Saved data entries:
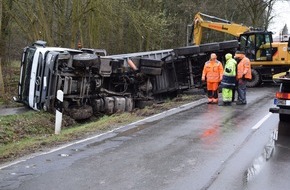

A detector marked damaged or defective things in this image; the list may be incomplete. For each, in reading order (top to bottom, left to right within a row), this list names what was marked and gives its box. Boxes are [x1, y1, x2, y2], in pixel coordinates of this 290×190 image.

overturned truck [14, 40, 238, 119]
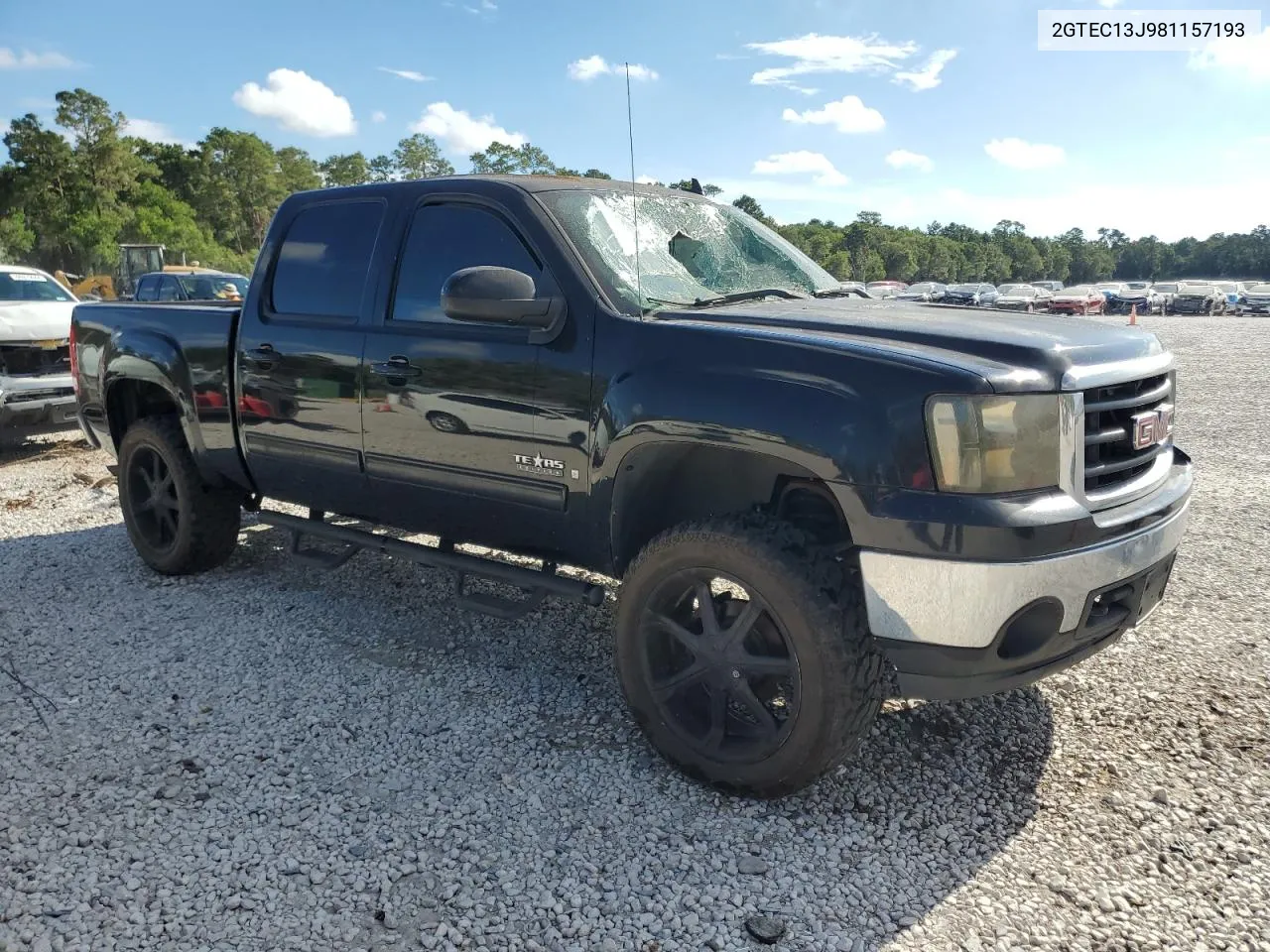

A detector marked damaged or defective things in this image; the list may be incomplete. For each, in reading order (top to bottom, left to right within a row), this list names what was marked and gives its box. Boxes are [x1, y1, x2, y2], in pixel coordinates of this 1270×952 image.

shattered windshield [538, 187, 842, 314]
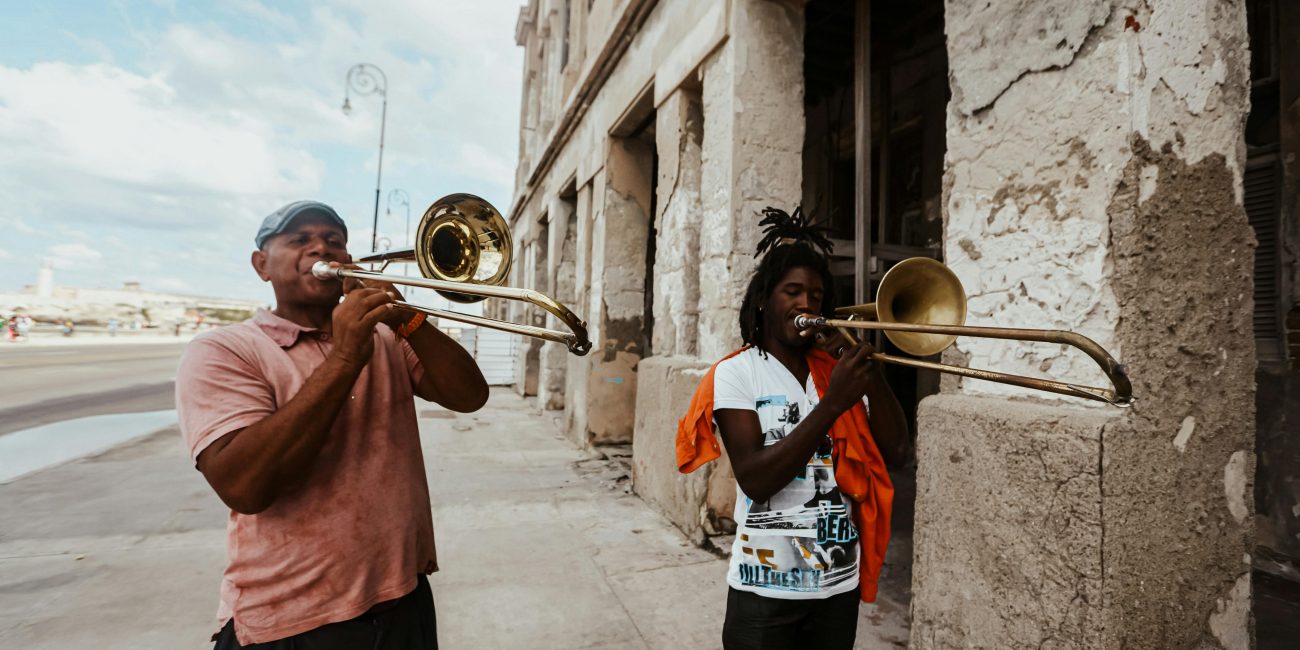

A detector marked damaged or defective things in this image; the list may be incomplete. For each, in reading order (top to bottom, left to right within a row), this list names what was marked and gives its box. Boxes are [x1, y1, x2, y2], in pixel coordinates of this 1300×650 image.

AIM OF THE EXERCISE
Each entry above should be written out verbatim, minus its pictures.

ANSWER FOR THIS EXERCISE
A detector marked damaged or defective things in this image; the list may be incomplete. For each, in reading order (top to bottom, left to right within a row), this list names what was marked and gives its box. Boxes are [x1, y1, x2, y2], in pixel coordinates of this 290×190 image.

overturned truck [14, 40, 238, 119]

A detector marked damaged or defective things in this image; the list may be incomplete. For each, in reading order (top to bottom, left to right within a row), this list names what was marked and gives its box. Boxes are [x1, y1, x2, y2], in pixel coordinates of this 1270×952 image.

shattered windshield [538, 187, 842, 314]

A detector marked damaged or defective things in this image; the list may be incomplete. For each, in reading order (top to bottom, left to right within a row), this list names what was marked and gives its box. Boxes are [x1, y1, x2, y2], in pixel coordinates of this 1300×650 image.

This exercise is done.